Workflow:Datahub project Datahub Docker Quickstart Deployment
| Knowledge Sources | |
|---|---|
| Domains | DevOps, Deployment, Docker |
| Last Updated | 2026-02-09 12:00 GMT |
Overview
End-to-end process for deploying a local DataHub instance using Docker Compose for development, testing, and evaluation.
Description
This workflow covers the quickstart deployment of DataHub, which launches the full platform stack (14 containers) using Docker Compose. The stack includes the frontend UI, metadata service (GMS), Kafka, MySQL, Elasticsearch, and supporting services. This is the fastest way to get a running DataHub instance for local development, experimentation, or demos. The deployment supports data backup/restore, version pinning, and sample data ingestion.
Usage
Execute this workflow when you need a local DataHub instance for development, testing, demos, or evaluation. This is not recommended for production deployments; use Kubernetes with Helm charts for production environments.
Execution Steps
Step 1: Install Prerequisites
Ensure Docker, Docker Compose v2, and Python 3.10+ are installed on the host machine. Docker must have sufficient resources allocated (minimum 2 CPUs and 8GB RAM recommended).
Key considerations:
- Docker Compose v2 is required (v1 is deprecated)
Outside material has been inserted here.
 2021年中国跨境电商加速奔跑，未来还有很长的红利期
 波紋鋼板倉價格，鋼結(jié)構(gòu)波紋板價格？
- Allocate sufficient memory in Docker Desktop settings
- Port 9002 (frontend), 8080 (GMS), and others must be available
Step 2: Install DataHub CLI
Install the DataHub CLI tool via pip. The CLI provides the docker quickstart commands that orchestrate the deployment.
Key considerations:
- Install via pip install acryl-datahub
- Verify with datahub version
- The CLI manages Docker Compose orchestration
Step 3: Launch DataHub Stack
Execute the quickstart command to pull Docker images and start all services. The CLI downloads pre-built images from Docker Hub and launches the complete stack.
Key considerations:
- First launch downloads several GB of Docker images
- All 14 containers must reach healthy status
- The process may take several minutes on first run
- Specific versions can be pinned with the version flag
Step 4: Access and Verify
Open the DataHub UI in a browser and log in with default credentials. Verify that the platform is operational by browsing the catalog.
Key considerations:
- Frontend is available at http://localhost:9002
- Default credentials are datahub/datahub
- GMS REST API is available at http://localhost:8080
Step 5: Load Sample Data
Optionally ingest sample metadata to explore DataHub features. The sample data includes example datasets, dashboards, charts, and lineage relationships.
Key considerations:
- Sample data demonstrates key DataHub features
- Useful for demos and getting familiar with the UI
- Can be skipped if ingesting real metadata
Step 6: Manage Deployment Lifecycle
Use CLI commands to stop, restart, backup data, restore from backup, or completely reset the DataHub instance.
Key considerations:
- Stop preserves data in Docker volumes
- Nuke removes all data and volumes for a clean restart
- Backup creates a portable archive of all stored metadata
- Restore loads previously backed-up data